Modern AI systems convert unstructured data (text, images, audio) into vector embeddings – numerical representations that capture semantic meaning. For example:

The sentence “I love pizza” might become a 768-dimensional vector: [0.2, -0.1, 0.8, …]
A similar sentence “Pizza is delicious” would have a vector that’s mathematically close in vector space
Traditional databases can’t efficiently find these “nearby” vectors among billions of records

Mathematical Foundation

Vector databases solve the Approximate Nearest Neighbor (ANN) problem:

Input: A query vector q and a dataset of n vectors
Goal: Find the k vectors most similar to q
Challenge: Exact search is O(n×d) complexity – too slow for real-time applications
Solution: Use algorithms like HNSW, LSH, or IVF to achieve sub-linear search time

What is a Vector Database?

A vector database is a specialized database designed to store, index, and query high-dimensional vector embeddings efficiently.

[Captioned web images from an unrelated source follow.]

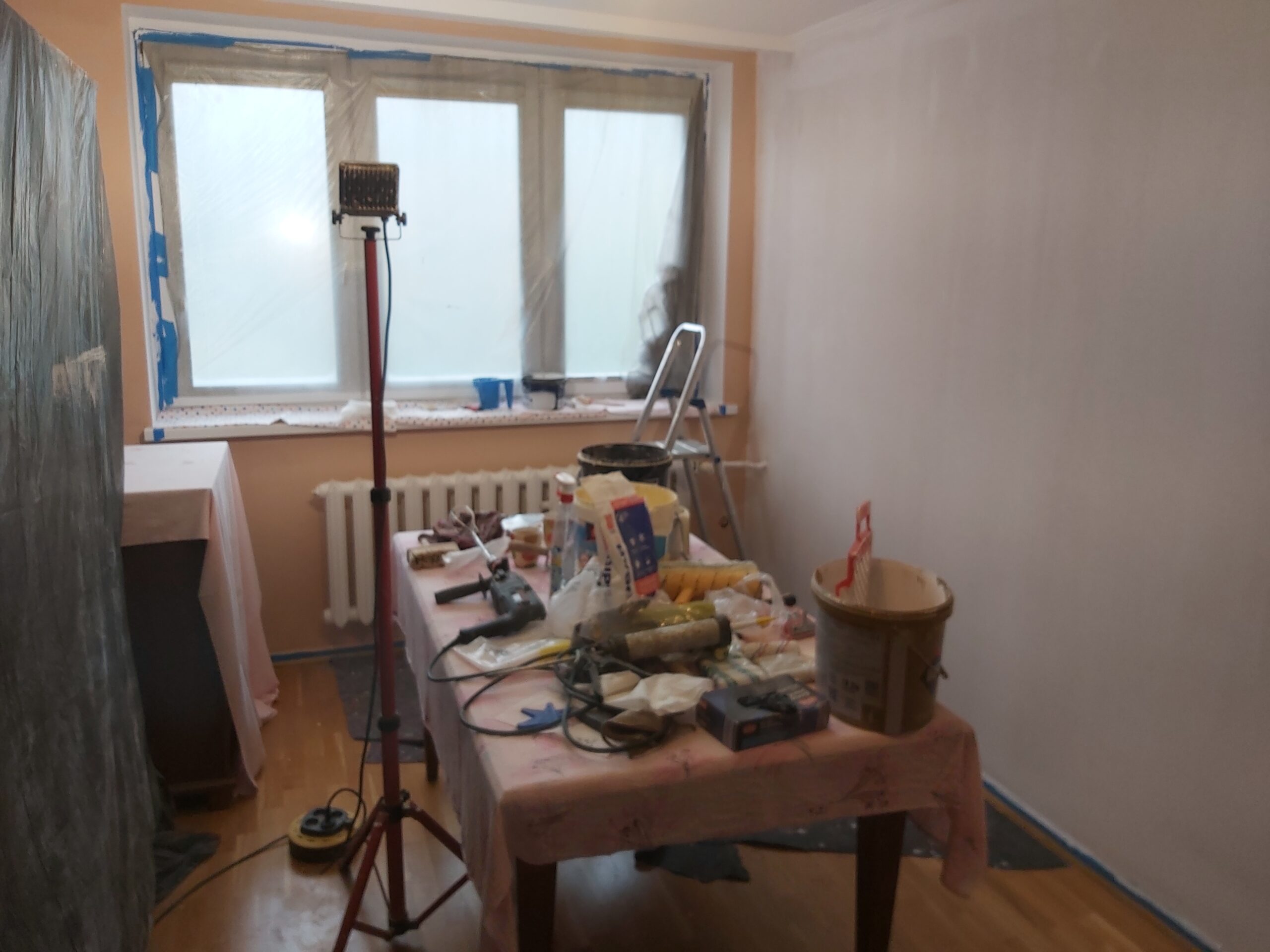 Pokój w trakcie remontu, z białą ścianą przygotowaną do malowania, stołem roboczym pełnym narzędzi i materiałów, lampą roboczą na statywie oraz drabiną przy oknie.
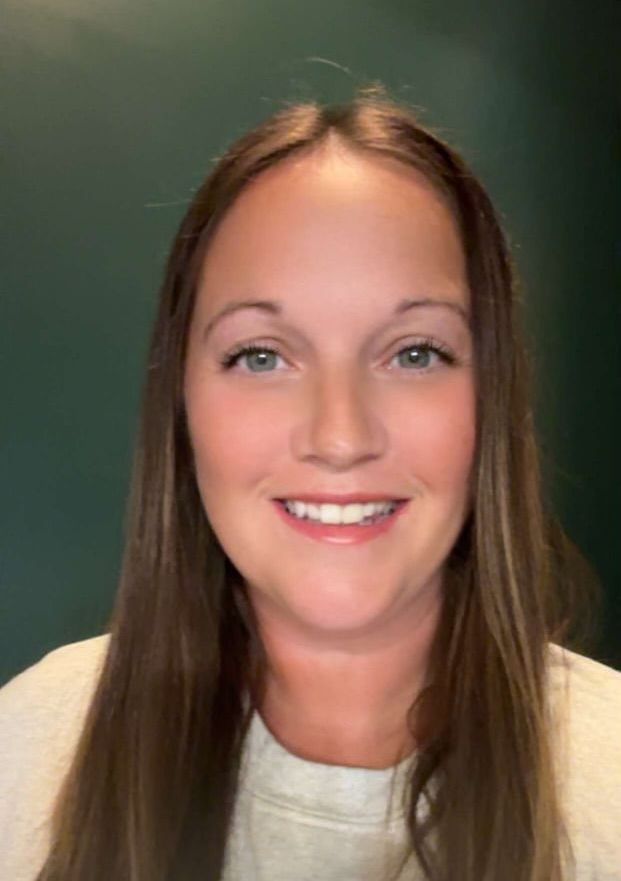 A woman with long brown hair is smiling for the camera.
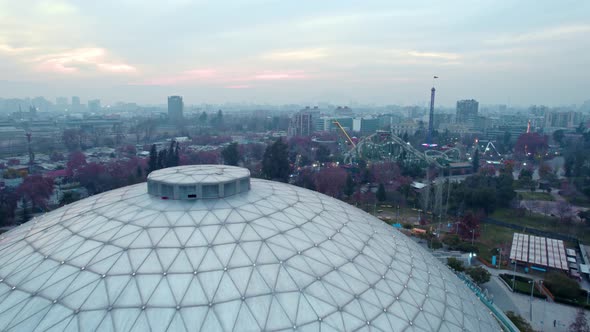 Aerial view dolly in of the ellipse and amusement park at O'Higgins Park, Santiago, Chile. Sunset wi alt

Unlike traditional databases that store discrete values, vector databases store continuous numerical representations of data that capture semantic meaning and relationships.

Core Components

Vector Storage: Optimized storage for high-dimensional arrays (typically 128-4096 dimensions)
Vector Index: Specialized data structures (HNSW, IVF, LSH) for fast similarity search
Similarity Metrics: Distance functions (cosine, euclidean, dot product) to measure vector similarity
Metadata Integration: Ability to combine vector search with traditional filtering
Approximate Search: Trading perfect accuracy for speed using probabilistic algorithms

Traditional Database vs Vector Database

Example: Understanding Vector Similarity

# Traditional database query
SELECT title, content FROM articles 
WHERE category = 'technology' AND publish_date > '2024-01-01'

# Vector database query (conceptual)
SELECT title, content, similarity_score 
FROM articles 
WHERE vector_similarity(embedding, query_vector) > 0.8
ORDER BY similarity_score DESC
LIMIT 10

When to Use Vector Databases

Perfect for:

Semantic search and recommendation systems
RAG (Retrieval-Augmented Generation) applications
Content discovery and personalization
Duplicate detection and data deduplication
Multimodal search (image + text)
Anomaly detection in high-dimensional data

Not ideal for:

Traditional CRUD operations
Financial transactions requiring ACID compliance
Simple filtering and aggregation queries
Applications requiring exact matches only

Overview

Amazon S3 Vectors integrates with OpenSearch to provide flexible vector storage and search capabilities, offering up to 90% cost reduction compared to conventional approaches while seamlessly integrating with Amazon Bedrock Knowledge Bases, SageMaker, and OpenSearch for AI applications.

What’s New and Important

Amazon S3 Vectors is a new cloud object store that provides native support for storing and querying vectors at massive scale, offering up to 90% cost reduction compared to conventional approaches while seamlessly integrating with Amazon Bedrock Knowledge Bases, SageMaker, and OpenSearch for AI applications.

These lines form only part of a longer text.